Whether you’re brand new to recovery or you’ve been sober for a while, it’s important to find ways to take care of yourself. In the chaos of life, we sometimes forget to pause and do what we need to do for ourselves. The term “self-care” is a bit of a cliché, but we must learn to take care of ourselves if we are to stay clean and sober. Here are a few ways that we practice self-care on a regular basis.

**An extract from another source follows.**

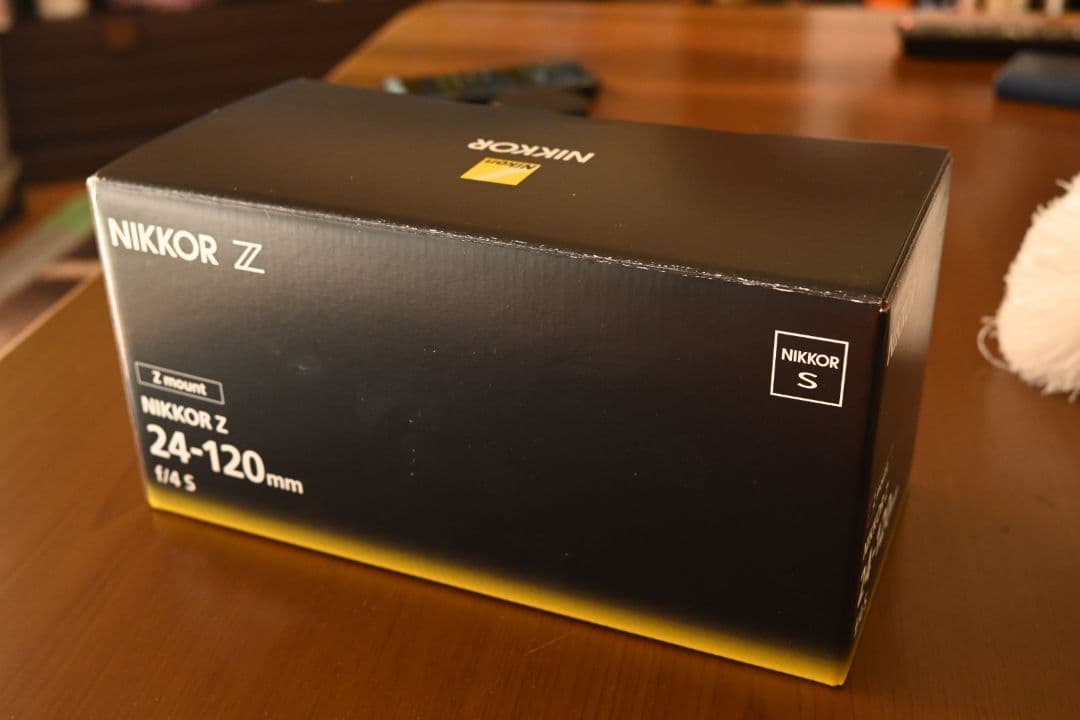ニコン　NIKKOR Z 24-120mm f/4 S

Mindfulness is a valuable tool in recovering from addiction or mental health disorders. Whether you’re coming off benzodiazepines or coming out the other side of a depressive episode, you can bring awareness to what is going on in your experience. Buddhist teacher Sharon Salzberg says, “Mindfulness isn’t difficult. We just need to remember to do it.” If we can remind ourselves to be present, we can see what is happening for us right now. Part of this is being mindful of our own needs. If you need more sleep, take a nap. If you are hungry, eat. Sometimes we don’t know what is causing us to feel uneasy, and we just feel crappy. Try really tuning in and seeing what your needs are and what’s going on. One thing we do is set reminders on our cell phone that say simple things like “Take a few mindful breaths” or “Pause and be present.”

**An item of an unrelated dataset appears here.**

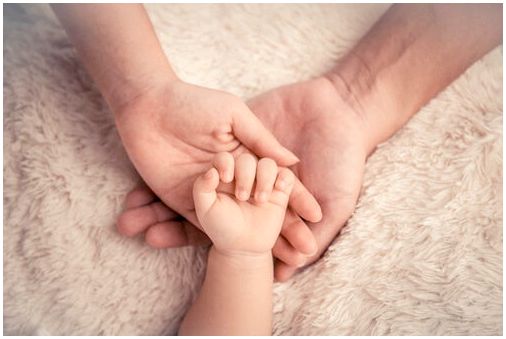 Маразм: важность привязанности в раннем детстве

“Mindfulness isn’t difficult. We just need to remember to do it.”
Many recovery programs like Alcoholics Anonymous and Refuge Recovery have inventory-taking processes, but we don’t necessarily need to stop there. Sometimes we don’t have time to sit down and do a written inventory, and sometimes we need to do an inventory in a different manner. Try taking a few moments to really check in and take inventory of what’s going on with you. Are you discontented in some way? Is there anger or anxiety present? Perhaps you feel great! Inventories don’t have to be all negative! We can tune into the joys and excitement as well. You may try pausing during your day to check in, or make a routine out of taking a brief inventory before going to sleep.
In recovery, we often try to rush things. We want to feel better, to get the new job, to find the right person to spend time with, etc. And we want it yesterday. A great way to practice self-care is to really make patience a priority. See when you’re leaning into the future and getting away from being where you are. You don’t need to have it all or have it all figured out right now. We all make mistakes, take detours, and don’t meet our goals each and every time. Allow yourself room to grow!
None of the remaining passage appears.